> [WHAT NEEDS TO BE DONE] Each line from the start of the listing below through the line containing "Silver Enamel Grey" should be reproduced exactly, with no others.

> [DATA RECORDS]
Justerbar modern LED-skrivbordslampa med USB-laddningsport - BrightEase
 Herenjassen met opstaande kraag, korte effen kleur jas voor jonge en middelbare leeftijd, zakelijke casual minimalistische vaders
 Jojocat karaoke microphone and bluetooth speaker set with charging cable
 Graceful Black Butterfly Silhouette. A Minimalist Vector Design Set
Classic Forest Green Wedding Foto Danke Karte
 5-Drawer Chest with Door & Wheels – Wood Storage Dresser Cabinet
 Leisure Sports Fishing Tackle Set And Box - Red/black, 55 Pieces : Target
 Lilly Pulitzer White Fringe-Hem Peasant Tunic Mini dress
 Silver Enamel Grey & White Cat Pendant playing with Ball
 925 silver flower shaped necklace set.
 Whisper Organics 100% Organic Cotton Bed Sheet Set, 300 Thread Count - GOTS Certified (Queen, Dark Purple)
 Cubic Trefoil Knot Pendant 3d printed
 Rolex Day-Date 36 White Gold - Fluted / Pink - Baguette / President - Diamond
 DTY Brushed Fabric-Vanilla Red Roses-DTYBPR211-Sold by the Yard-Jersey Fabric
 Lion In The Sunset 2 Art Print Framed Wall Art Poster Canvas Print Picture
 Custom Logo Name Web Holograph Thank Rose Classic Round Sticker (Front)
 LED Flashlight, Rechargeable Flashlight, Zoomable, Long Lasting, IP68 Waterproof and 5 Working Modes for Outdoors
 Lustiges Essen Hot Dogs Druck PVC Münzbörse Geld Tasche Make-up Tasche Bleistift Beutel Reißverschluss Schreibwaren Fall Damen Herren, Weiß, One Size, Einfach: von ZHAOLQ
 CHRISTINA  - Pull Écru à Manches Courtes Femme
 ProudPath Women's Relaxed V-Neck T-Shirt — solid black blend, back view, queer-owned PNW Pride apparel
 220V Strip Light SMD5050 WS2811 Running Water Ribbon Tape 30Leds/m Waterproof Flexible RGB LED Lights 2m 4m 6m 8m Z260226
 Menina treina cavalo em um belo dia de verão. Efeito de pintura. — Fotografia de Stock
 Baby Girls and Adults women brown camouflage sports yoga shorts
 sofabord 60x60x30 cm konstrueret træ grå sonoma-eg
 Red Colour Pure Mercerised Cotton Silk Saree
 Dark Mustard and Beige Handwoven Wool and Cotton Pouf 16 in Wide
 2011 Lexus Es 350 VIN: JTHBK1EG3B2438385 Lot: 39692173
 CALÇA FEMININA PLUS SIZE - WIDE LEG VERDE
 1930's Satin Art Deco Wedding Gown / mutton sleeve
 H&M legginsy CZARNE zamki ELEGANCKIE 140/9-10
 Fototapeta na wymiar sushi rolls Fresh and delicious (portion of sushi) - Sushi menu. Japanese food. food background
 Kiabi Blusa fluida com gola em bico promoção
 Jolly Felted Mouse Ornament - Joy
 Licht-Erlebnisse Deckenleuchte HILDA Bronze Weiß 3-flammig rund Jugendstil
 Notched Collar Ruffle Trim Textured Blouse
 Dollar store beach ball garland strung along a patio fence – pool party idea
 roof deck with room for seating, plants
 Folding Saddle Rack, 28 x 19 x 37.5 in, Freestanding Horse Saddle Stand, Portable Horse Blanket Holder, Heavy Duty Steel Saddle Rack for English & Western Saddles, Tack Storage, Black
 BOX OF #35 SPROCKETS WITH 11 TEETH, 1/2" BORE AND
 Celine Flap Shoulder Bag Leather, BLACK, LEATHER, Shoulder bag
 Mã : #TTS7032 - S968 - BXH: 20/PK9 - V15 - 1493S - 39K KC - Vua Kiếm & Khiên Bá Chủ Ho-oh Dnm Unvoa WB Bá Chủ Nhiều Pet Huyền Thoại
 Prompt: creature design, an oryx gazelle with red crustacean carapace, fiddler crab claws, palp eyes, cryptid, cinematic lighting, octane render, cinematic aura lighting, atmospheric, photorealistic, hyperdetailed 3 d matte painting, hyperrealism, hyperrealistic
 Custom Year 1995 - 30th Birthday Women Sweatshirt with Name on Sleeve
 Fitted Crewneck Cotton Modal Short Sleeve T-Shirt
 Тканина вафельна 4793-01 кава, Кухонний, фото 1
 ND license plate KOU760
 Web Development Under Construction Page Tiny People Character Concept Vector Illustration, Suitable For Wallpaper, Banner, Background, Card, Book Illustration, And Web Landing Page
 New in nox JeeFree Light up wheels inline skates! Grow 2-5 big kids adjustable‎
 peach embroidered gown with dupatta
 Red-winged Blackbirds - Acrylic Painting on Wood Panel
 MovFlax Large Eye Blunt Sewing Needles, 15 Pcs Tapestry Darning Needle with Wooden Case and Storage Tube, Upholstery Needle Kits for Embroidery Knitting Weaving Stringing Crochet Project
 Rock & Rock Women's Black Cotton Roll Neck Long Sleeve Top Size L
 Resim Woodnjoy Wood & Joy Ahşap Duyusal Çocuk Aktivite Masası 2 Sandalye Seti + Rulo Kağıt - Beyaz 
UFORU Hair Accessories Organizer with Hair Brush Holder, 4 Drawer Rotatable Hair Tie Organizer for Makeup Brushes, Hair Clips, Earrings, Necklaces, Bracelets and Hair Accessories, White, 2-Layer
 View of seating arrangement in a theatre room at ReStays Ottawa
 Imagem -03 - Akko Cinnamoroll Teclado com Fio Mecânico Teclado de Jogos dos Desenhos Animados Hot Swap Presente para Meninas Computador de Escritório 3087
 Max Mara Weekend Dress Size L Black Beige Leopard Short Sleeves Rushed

> [RESPONSE]
Justerbar modern LED-skrivbordslampa med USB-laddningsport - BrightEase
 Herenjassen met opstaande kraag, korte effen kleur jas voor jonge en middelbare leeftijd, zakelijke casual minimalistische vaders
 Jojocat karaoke microphone and bluetooth speaker set with charging cable
 Graceful Black Butterfly Silhouette. A Minimalist Vector Design Set
Classic Forest Green Wedding Foto Danke Karte
 5-Drawer Chest with Door & Wheels – Wood Storage Dresser Cabinet
 Leisure Sports Fishing Tackle Set And Box - Red/black, 55 Pieces : Target
 Lilly Pulitzer White Fringe-Hem Peasant Tunic Mini dress
 Silver Enamel Grey & White Cat Pendant playing with Ball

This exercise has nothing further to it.